--- ACTION ITEM ---
Filter the listing for lines containing "Picture".

--- RECORDS FOR THIS TASK ---
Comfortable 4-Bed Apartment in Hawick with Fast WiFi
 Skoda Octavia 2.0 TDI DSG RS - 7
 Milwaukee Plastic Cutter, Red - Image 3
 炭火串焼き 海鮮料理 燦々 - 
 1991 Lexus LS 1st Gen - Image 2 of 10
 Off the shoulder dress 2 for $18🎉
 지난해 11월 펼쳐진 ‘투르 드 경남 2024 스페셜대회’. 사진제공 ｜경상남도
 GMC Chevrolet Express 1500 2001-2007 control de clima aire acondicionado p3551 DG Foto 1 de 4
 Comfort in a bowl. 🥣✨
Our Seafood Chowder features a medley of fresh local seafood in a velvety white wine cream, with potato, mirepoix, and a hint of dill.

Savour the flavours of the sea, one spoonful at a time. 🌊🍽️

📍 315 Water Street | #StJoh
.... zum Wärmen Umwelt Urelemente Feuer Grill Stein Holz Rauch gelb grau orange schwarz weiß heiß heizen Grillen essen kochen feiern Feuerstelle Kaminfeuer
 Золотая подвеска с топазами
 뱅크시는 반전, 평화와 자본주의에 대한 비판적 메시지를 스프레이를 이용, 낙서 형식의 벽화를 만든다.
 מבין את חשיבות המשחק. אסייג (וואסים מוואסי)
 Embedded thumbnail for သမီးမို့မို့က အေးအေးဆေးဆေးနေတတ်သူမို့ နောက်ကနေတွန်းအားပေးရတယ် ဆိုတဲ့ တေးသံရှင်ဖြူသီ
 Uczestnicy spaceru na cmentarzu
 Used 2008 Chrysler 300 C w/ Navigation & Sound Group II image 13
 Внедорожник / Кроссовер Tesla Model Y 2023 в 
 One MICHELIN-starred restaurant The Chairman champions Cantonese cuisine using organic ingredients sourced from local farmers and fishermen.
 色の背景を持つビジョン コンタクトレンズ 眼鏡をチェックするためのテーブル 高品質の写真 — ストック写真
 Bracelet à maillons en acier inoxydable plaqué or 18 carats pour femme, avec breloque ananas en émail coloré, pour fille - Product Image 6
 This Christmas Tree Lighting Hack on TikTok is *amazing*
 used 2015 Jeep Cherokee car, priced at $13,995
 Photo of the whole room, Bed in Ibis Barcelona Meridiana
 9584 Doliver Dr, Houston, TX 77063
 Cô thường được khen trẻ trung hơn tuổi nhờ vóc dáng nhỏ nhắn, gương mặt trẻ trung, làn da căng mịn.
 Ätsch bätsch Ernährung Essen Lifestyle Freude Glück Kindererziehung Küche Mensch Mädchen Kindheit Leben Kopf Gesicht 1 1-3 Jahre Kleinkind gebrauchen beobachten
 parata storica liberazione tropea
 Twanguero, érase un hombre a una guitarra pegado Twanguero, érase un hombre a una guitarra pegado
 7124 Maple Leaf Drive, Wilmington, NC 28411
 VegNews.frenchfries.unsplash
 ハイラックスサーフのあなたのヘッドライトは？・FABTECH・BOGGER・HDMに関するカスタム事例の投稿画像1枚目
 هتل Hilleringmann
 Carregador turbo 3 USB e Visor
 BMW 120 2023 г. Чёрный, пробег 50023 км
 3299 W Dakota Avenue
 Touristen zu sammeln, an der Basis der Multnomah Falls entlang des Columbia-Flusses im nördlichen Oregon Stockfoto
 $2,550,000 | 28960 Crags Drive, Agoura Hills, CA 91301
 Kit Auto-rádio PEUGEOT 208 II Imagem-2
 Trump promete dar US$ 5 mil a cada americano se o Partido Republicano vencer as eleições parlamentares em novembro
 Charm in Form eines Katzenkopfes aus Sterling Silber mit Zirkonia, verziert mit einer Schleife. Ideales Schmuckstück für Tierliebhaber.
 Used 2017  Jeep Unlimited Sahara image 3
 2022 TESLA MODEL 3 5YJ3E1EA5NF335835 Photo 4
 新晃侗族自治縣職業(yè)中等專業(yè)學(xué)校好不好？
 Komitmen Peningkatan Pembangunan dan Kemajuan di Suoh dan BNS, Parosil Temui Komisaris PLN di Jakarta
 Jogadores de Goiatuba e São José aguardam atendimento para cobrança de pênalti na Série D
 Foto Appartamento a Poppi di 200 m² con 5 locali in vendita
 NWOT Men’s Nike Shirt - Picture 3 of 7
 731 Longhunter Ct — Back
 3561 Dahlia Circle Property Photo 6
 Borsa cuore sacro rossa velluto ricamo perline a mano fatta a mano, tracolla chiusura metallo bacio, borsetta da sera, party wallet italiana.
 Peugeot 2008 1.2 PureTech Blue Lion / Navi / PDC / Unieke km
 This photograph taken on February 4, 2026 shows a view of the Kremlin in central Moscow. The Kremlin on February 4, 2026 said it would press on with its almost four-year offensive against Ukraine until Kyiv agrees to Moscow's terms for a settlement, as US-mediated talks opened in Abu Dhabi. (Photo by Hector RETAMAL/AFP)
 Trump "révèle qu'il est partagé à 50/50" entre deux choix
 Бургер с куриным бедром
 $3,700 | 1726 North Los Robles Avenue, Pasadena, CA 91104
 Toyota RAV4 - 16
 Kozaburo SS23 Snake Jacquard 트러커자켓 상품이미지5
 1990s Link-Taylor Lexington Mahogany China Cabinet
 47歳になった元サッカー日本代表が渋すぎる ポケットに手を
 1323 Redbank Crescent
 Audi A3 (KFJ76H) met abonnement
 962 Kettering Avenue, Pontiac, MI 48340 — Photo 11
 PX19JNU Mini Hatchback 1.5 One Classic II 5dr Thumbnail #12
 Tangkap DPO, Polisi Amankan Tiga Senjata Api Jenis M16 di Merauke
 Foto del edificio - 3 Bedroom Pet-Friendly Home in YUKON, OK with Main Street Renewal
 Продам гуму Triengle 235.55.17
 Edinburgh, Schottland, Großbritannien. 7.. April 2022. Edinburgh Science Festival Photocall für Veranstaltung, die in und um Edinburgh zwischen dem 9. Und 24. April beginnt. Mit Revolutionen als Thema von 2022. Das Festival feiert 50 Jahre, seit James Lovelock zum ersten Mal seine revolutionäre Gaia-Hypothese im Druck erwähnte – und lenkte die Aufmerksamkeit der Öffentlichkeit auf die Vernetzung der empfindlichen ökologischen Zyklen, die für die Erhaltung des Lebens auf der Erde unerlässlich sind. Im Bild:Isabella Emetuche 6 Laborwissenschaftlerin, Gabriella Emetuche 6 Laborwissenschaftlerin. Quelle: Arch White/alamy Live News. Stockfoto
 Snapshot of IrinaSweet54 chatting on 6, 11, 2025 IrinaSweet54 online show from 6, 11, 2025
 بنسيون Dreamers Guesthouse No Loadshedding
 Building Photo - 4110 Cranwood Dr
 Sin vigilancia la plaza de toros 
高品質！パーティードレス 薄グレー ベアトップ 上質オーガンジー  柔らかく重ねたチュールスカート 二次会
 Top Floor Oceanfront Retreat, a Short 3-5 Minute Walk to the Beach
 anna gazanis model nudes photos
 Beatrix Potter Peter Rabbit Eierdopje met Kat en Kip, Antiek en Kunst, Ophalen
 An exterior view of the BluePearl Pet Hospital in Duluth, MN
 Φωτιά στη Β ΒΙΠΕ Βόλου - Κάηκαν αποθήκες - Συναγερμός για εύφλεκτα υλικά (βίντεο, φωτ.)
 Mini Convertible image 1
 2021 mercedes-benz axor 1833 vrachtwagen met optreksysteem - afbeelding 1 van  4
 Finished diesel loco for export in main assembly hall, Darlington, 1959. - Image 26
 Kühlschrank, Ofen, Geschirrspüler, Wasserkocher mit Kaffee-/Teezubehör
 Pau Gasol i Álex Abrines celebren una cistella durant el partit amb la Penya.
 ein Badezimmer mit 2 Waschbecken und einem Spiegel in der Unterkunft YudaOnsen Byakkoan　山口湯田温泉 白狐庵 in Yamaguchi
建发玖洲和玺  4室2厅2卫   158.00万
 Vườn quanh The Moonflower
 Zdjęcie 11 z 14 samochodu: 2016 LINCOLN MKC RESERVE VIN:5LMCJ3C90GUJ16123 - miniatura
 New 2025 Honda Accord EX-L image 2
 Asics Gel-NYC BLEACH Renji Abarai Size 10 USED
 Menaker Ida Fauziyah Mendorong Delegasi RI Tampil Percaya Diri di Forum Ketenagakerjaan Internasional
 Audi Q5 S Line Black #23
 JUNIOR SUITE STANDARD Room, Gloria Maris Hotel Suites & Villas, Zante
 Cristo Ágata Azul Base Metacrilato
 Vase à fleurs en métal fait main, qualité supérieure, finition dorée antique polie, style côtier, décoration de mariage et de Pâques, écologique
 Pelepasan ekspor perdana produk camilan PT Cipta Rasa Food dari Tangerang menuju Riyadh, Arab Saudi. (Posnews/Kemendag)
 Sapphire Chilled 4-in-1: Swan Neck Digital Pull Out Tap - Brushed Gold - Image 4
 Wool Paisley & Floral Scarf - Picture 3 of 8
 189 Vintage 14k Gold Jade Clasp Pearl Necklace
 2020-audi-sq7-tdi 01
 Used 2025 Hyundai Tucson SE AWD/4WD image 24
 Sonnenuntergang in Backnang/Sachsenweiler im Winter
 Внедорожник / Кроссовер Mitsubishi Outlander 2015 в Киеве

--- SOLUTION TO THIS TASK ---
 NWOT Men’s Nike Shirt - Picture 3 of 7
 Wool Paisley & Floral Scarf - Picture 3 of 8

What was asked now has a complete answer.